Puis je l'efface de ma mémoire afin de me concentrer sur ma guérison. Wellan a tenu à ce que je me repose les jours suivant l'attaque, alors que lui-même allait s'entrainer avec les soldats. Malgré ma volonté de l'accompagner pour rallier les gens à notre cause, il était important pour moi de reprendre des forces. Je n'aiderai personne si je force mon corps à l'épuisement. J'ignore quel poison Katya a utilisé pour m'affaiblir, mais il m'a terrassée comme une débutante.

Je me suis ramollie. J'ai perdu mes réflexes.

Lorsque je me sens enfin mieux, quelques jours plus tard, je décide d'aller regarder l'entrainement des soldats. Au deuxième étage du bâtiment le plus près du terrain se trouve une passerelle, où je m'installe. De là, j'ai une vue de choix sur les différentes personnes qui s'exercent avec des armes. Aujourd'hui, il y a tellement de gens que j'ai de la difficulté à tous les reconnaitre, ou à les compter. Wellan se trouve parmi eux, en train de parler avec quelques-uns d'entre eux. Des sourires s'affichent sur les visages, des tapes amicales sont partagées. Malgré la gravité de la situation, une atmosphère réjouissante plane.

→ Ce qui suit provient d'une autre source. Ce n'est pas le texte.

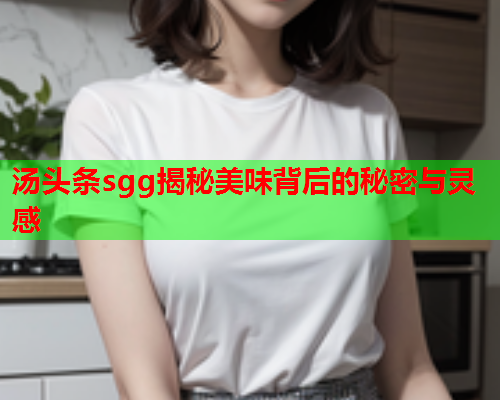 汤头条sgg揭秘美味背后的秘密与灵感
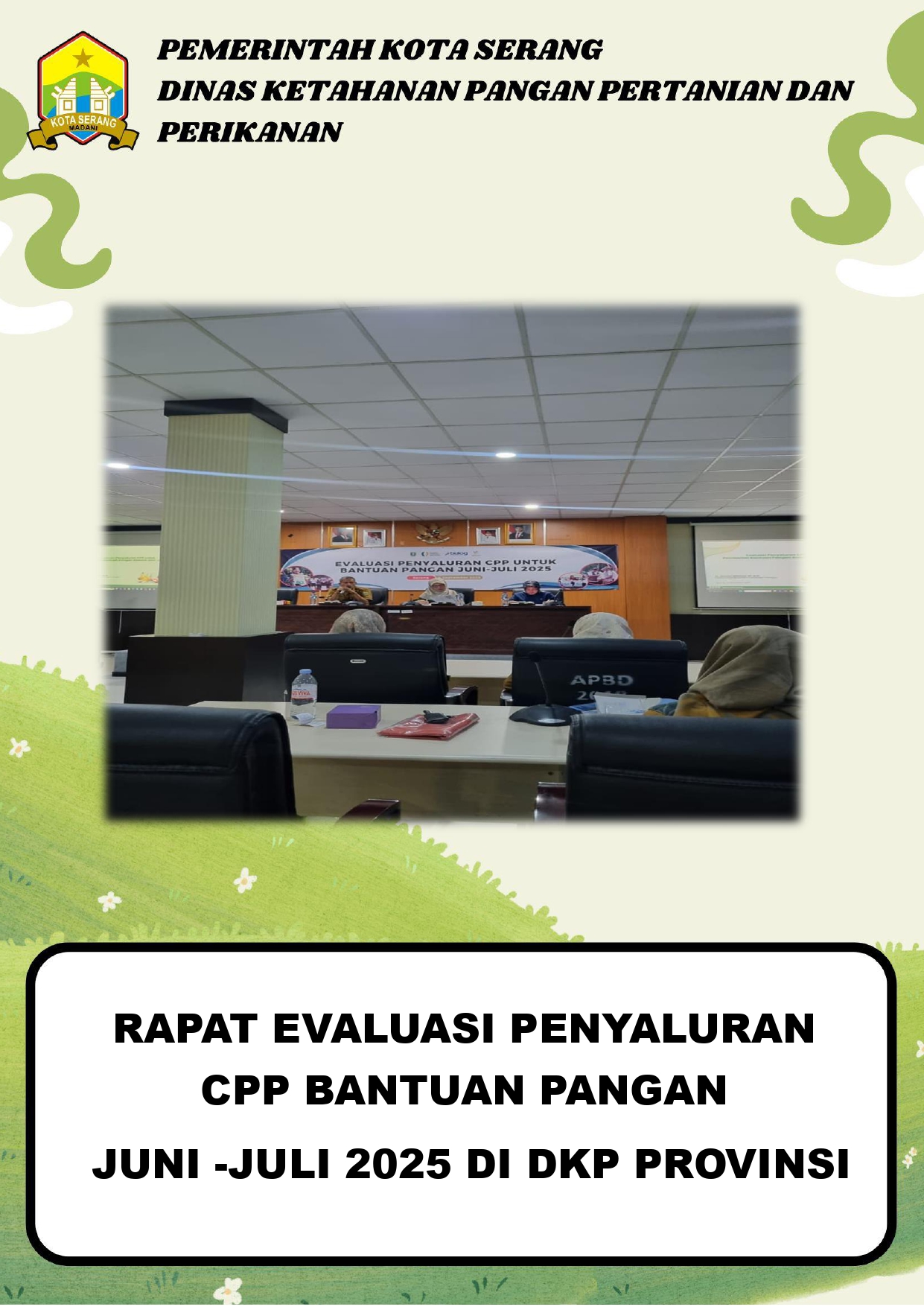 Rapat Evaluasi Penyaluran CPP Bantuan Pangan Juni – Juli 2025 di DKP Provinsi
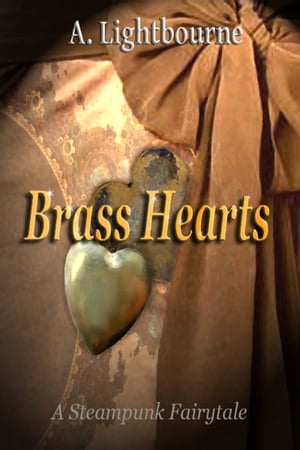 Brass Hearts- A Steampunk FairytaleŻҽҡ[ A. Lightbourne ]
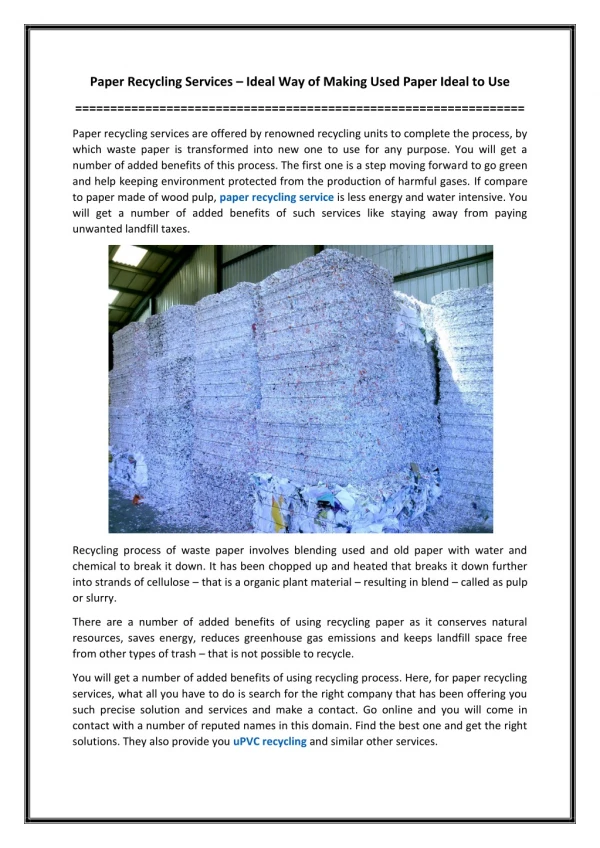 Paper Recycling Services – Ideal Way of Making Used Paper Ideal to Use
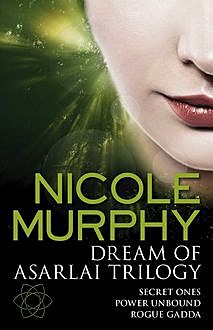 Dream of Asarlai Trilogy, Nicole Murphy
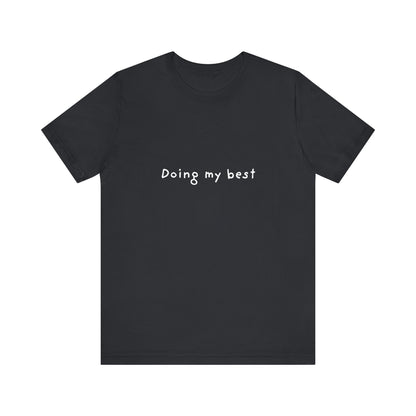 Doing My Best Jersey Short Sleeve Tee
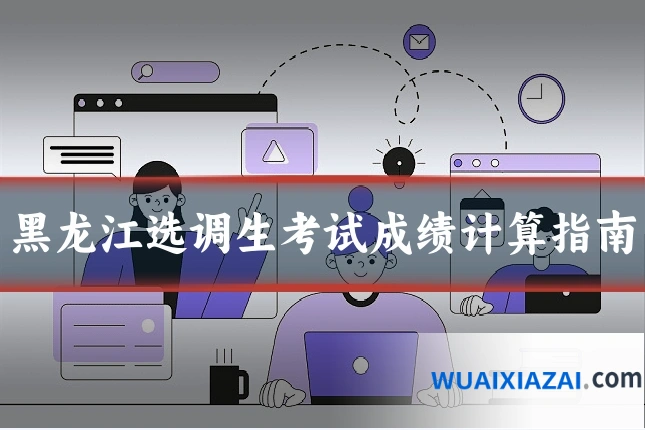 黑龙江选调生考试成绩计算指南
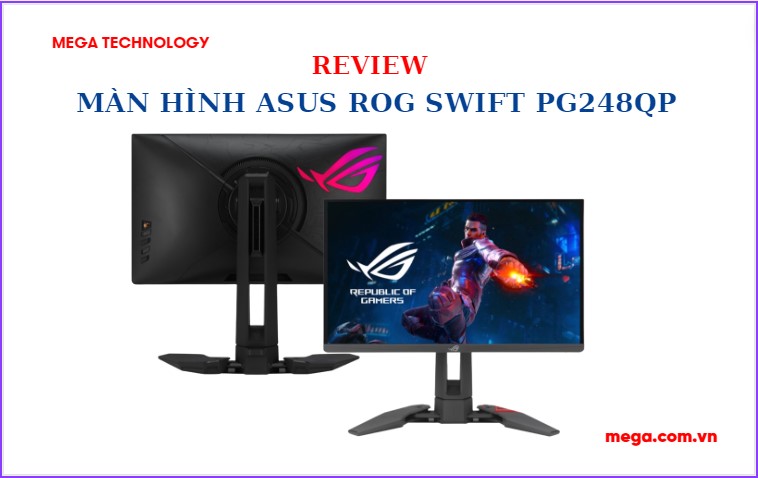 Review màn hình Asus ROG Swift PG248QP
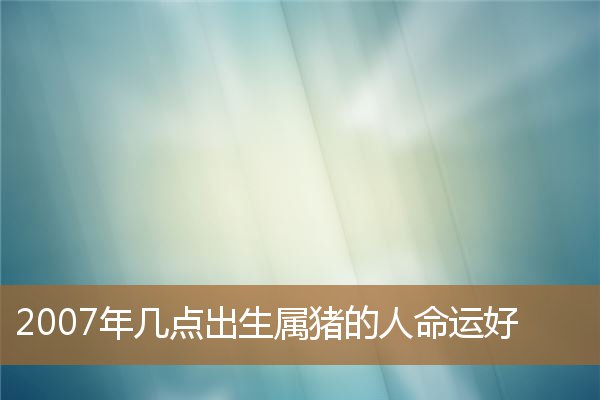 2007年属猪的命运怎么样，属猪2007几月出生最好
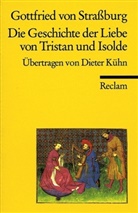 Gottfried von Straßburg - Die Geschichte der Liebe von Tristan und Isolde
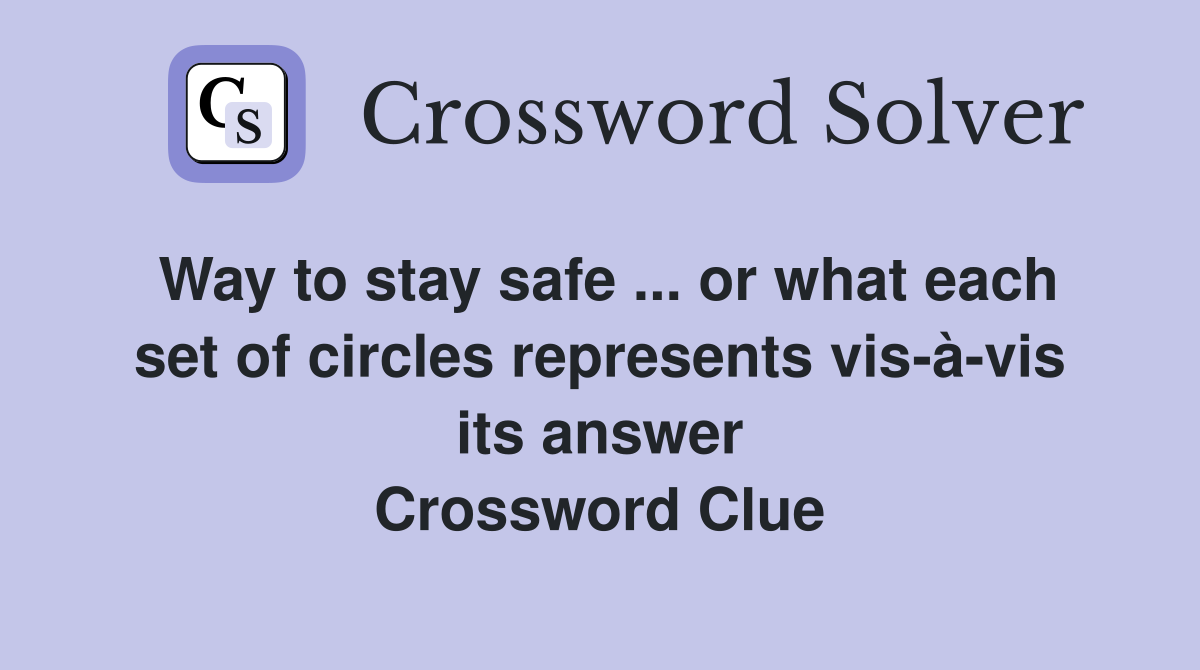 Way to stay safe ... or what each set of circles represents vis-à-vis its answer Crossword Clue
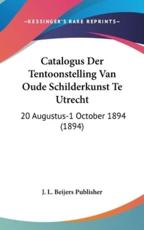 Catalogus Der Tentoonstelling Van Oude Schilderkunst Te Utrecht - L Beijers Publisher J L Beijers Publisher, J L Beijers Publisher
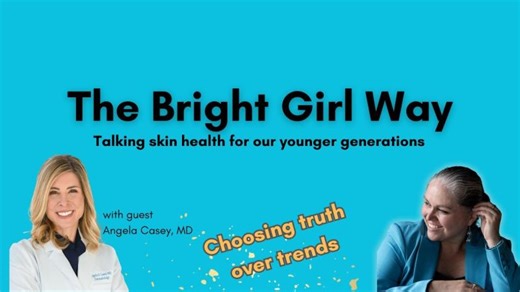 The Bright Girl Way: Talking Skin Health For Our Younger Generations with Dr. Angela Casey | Danielle C Baker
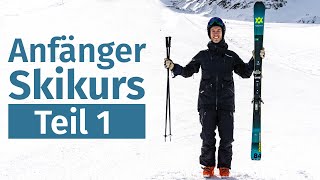 Anfänger Skikurs 1 Ausrüstung kennenlernen  Skifahren lernen [upl. by Ruzich]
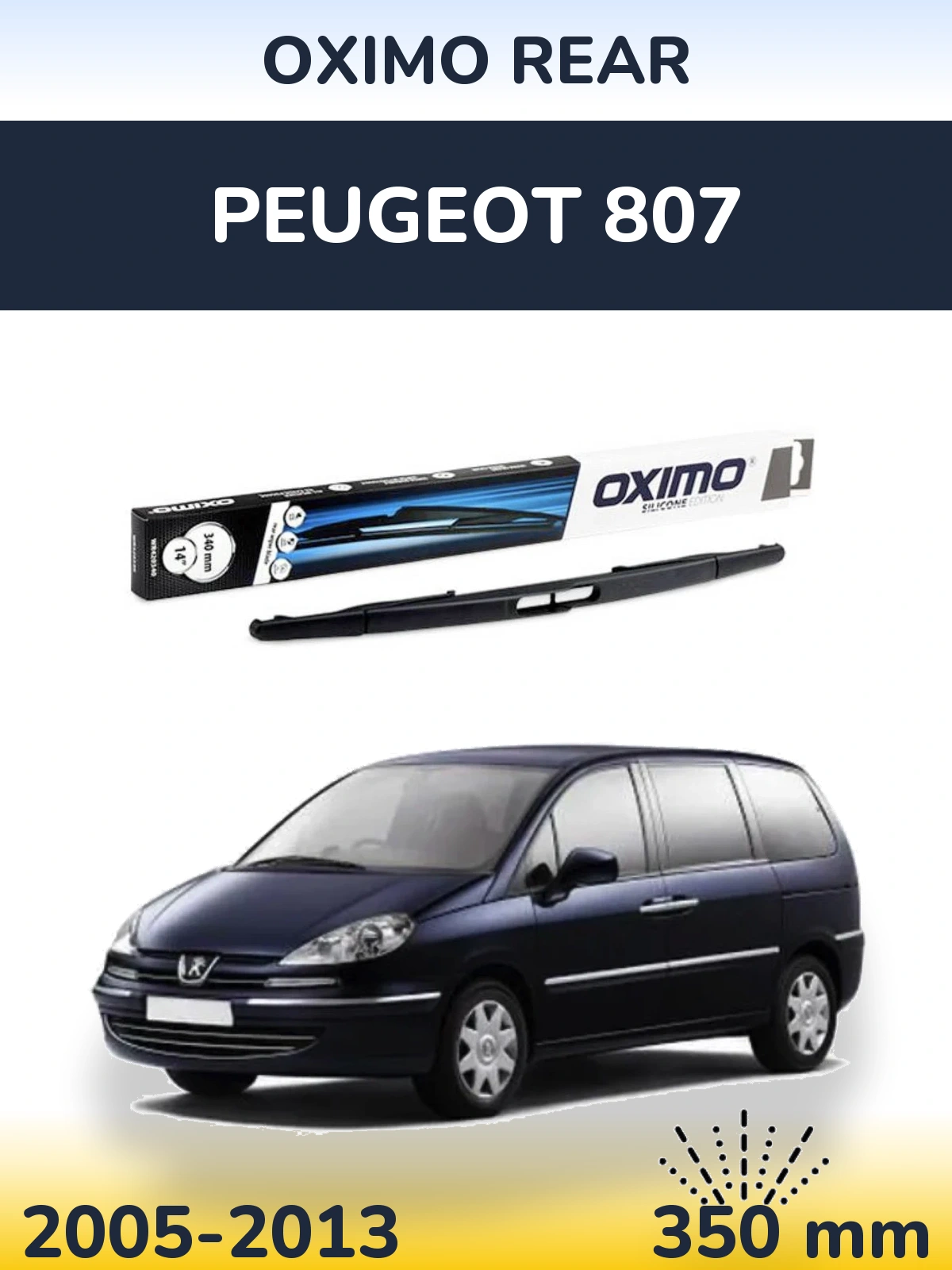 Ștergătoare Oximo Rear pentru Peugeot 807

C'est tout Wellan, ça : mettre les gens en confiance, les persuader qu'ils sont essentiels à la cause, les inciter à se rallier à lui.

Pour moi qui ai broyé du noir ces derniers jours, dans la morosité de ma chambre, cette vision est pleine d'espoir.

— Il vous aime bien, vous savez.

Je sursaute, puis me retourne. À ma droite se trouve Hector, le commandant de l'armée royale, le meilleur ami du roi, son Conseiller le plus cher, mais également le mentor de Wellan. Pendant des soirées longues, il m'a parlé en long et en large de cet homme qui a marqué sa vie. Toutefois, il a fini par se rallier au roi, sous prétexte de loyauté, ce qui a brisé le cœur de Wellan. Il ne me l'a pas dit de façon explicite, pourtant j'ai remarqué sa tristesse.

— Commandant, le salué-je, mal à l'aise, ne sachant pas comment me comporter avec lui.

— Oh, vous pouvez m'appeler Hector, Lady Annita.

Un petit sourire narquois s'invite sur ses lèvres. Le corps crispé, je tourne mon regard sur le terrain d'entrainement.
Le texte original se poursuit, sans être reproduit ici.